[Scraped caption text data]

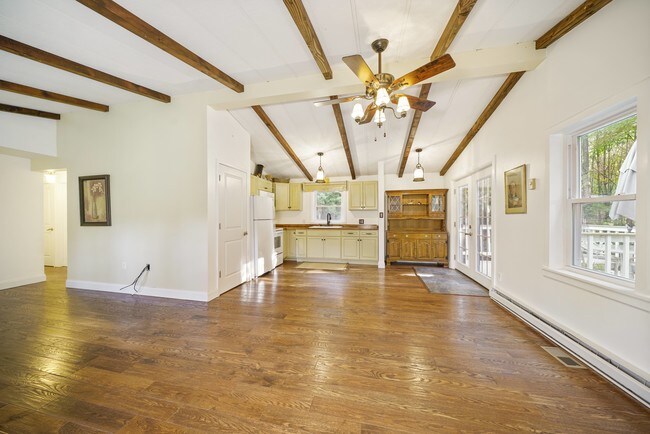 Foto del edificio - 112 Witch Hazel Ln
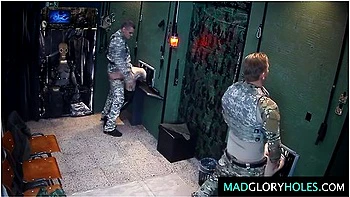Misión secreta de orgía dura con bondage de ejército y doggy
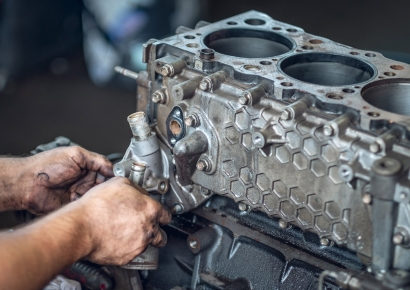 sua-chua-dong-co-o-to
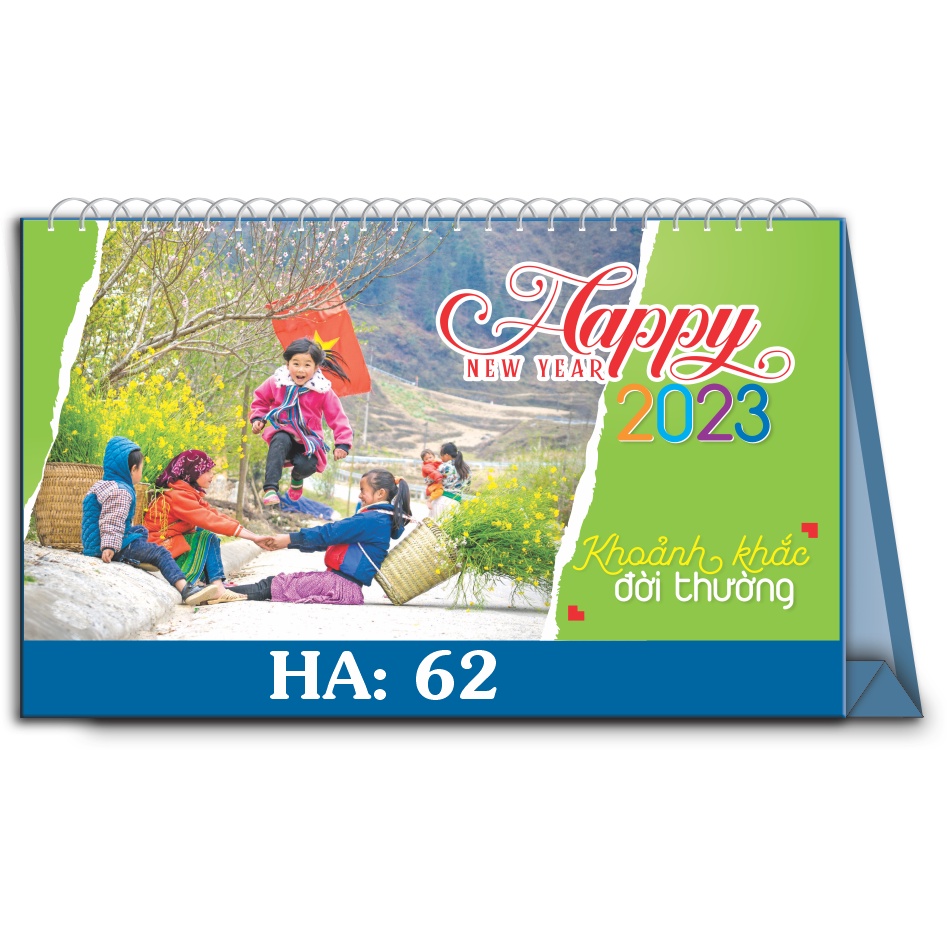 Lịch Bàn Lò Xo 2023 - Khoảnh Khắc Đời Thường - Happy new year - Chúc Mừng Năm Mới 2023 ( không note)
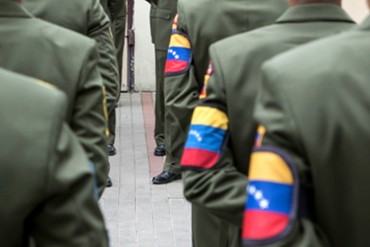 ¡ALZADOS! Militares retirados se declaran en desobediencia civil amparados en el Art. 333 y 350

Required action: Your task is an exact printout of the records above, with no pictures.

Result for this exercise:
 Foto del edificio - 112 Witch Hazel Ln
Misión secreta de orgía dura con bondage de ejército y doggy
 sua-chua-dong-co-o-to
 Lịch Bàn Lò Xo 2023 - Khoảnh Khắc Đời Thường - Happy new year - Chúc Mừng Năm Mới 2023 ( không note)
 ¡ALZADOS! Militares retirados se declaran en desobediencia civil amparados en el Art. 333 y 350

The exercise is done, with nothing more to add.